Projet de Loi Bioéthique : “Sans un sursaut de démocratie, c’est l’humain même qui est menacé”

Publié le 20 Jan, 2020

Dans une tribune accordée à Libération, le Professeur Philippe Meirieu[1]et la formatrice en bioéthique Hélène Le Gardeur regrettent que le débat sur la PMA pour toutes occulte les autres propositions du projet de la loi bioéthique qu’ils estiment autrement plus dangereuses.

 

Ils regrettent que certains sujets d’ampleur tels que l’autorisation d’implanter des « embryons  humains dans un animal à des fins de gestation » ou encore celle de créer des « embryons transgéniques ou chimériques » soient si peu discutées.
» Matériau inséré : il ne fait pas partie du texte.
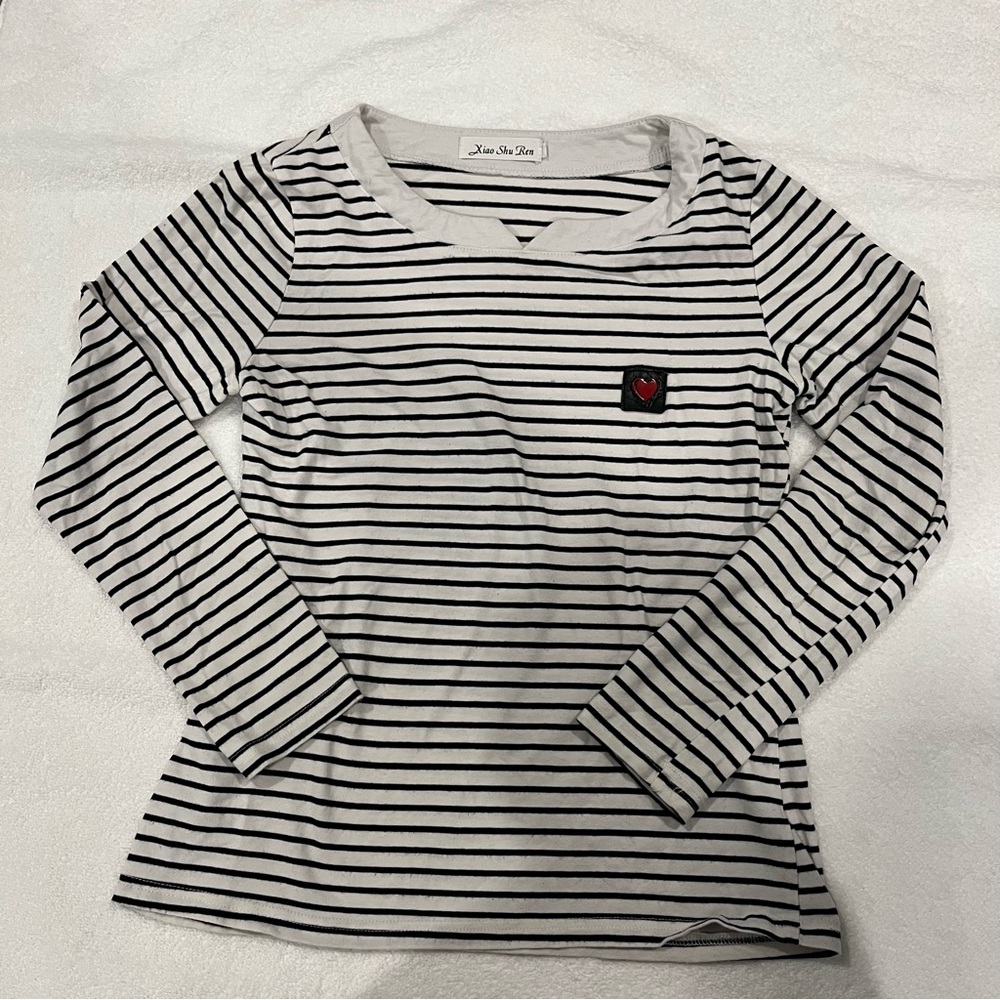 Women’s Black and White Sleeved T-shirt - Size S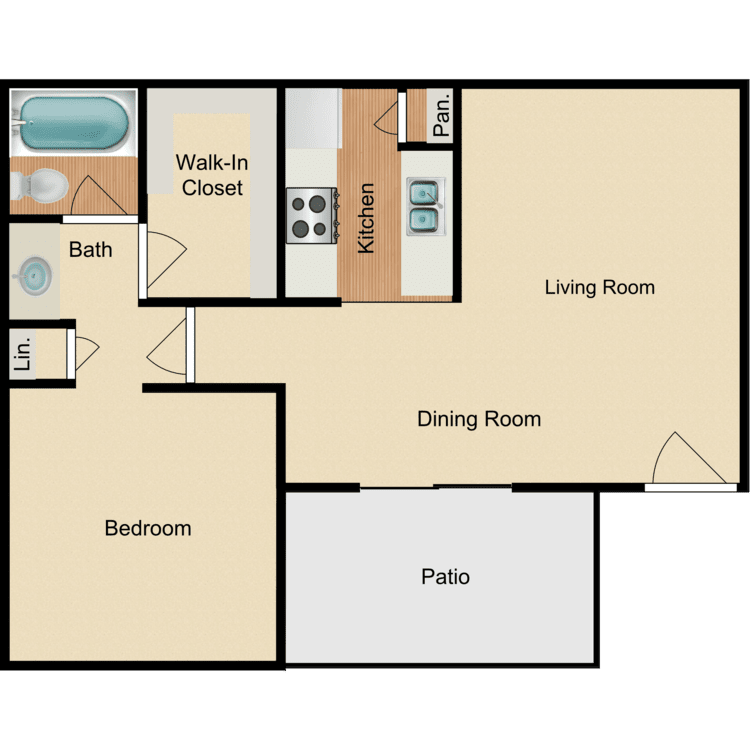1 Bed 1 Bath, a 1 bedroom 1 bathroom floor plan.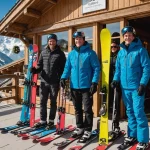 Quatre skieurs devant un chalet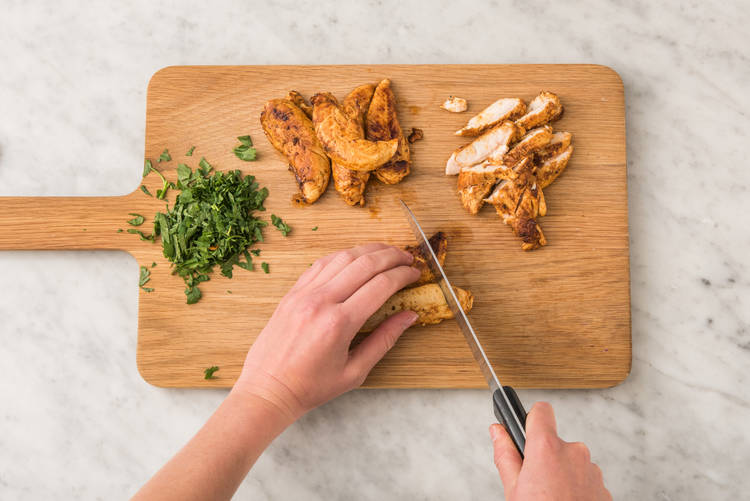 WARM TORTILLAS & FINISH CHICKEN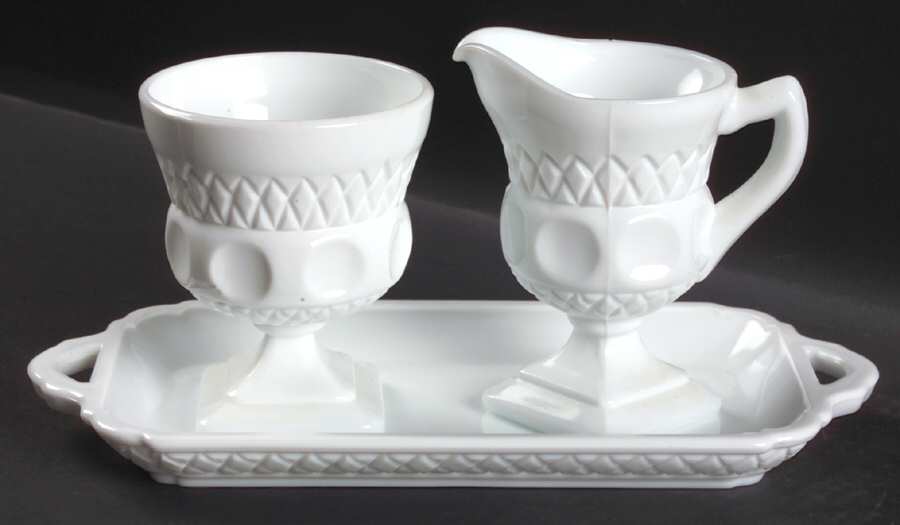 Lacette Milk Glass Creamer, Sugar and Tray Set by Colony-1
Ils considèrent qu’avec « la possibilité de ‘fabriquer’ des enfants en manipulant les données génétiques selon notre bon vouloir », ce projet de loi « change radicalement le rapport anthropologique de l’humain à la procréation ».

 

Ils s’inquiètent également de la proposition faite aux femmes de congeler leurs ovocytes pour officiellement « choisir le moment de leur grossesse ». En réalité, cette option pourrait n’avoir d’autre objectif que d’« améliorer la «performance» des femmes au travail » et  d’ouvrir « la porte à leurs employeurs pour qu’ils décident à leur place de leur maternité ».

 

Ils dénoncent encore l’organisation à moyen terme « d’un véritable marché des spermatozoïdes où les officines privées feront sans doute miroiter, moyennant finance, des enfants de meilleure qualité ».

 

Finalement, « comment ne pas voir qu’il s’agit là, tout simplement, de la marchandisation du vivant ? (…) Comment ne pas s’inquiéter des risques d’eugénisme que font courir les techniques légitimées par cette loi : à quand l’élimination systématique des embryons qui ne correspondraient pas exactement à nos vœux ? Et comment ne pas imaginer que nous ouvrons la porte, grâce au recueil systématique des données génétiques (auquel la loi fait référence à de nombreuses reprises), à la mise en place de fichiers dont l’usage par un pouvoir politique ou par des «industries de l’humain» pourrait s’avérer terrifiant ? »

 

Les auteurs concluent : « Décidément, cette loi dite de «bioéthique» n’est «ni faite ni à faire». Ils estiment que « le débat sur la bioéthique a été confisqué. Les entreprises et laboratoires de biotechnologie y trouveront leur compte. Mais, sans un sursaut de démocratie, c’est l’humain même, dans sa précieuse spécificité, qui est menacé ».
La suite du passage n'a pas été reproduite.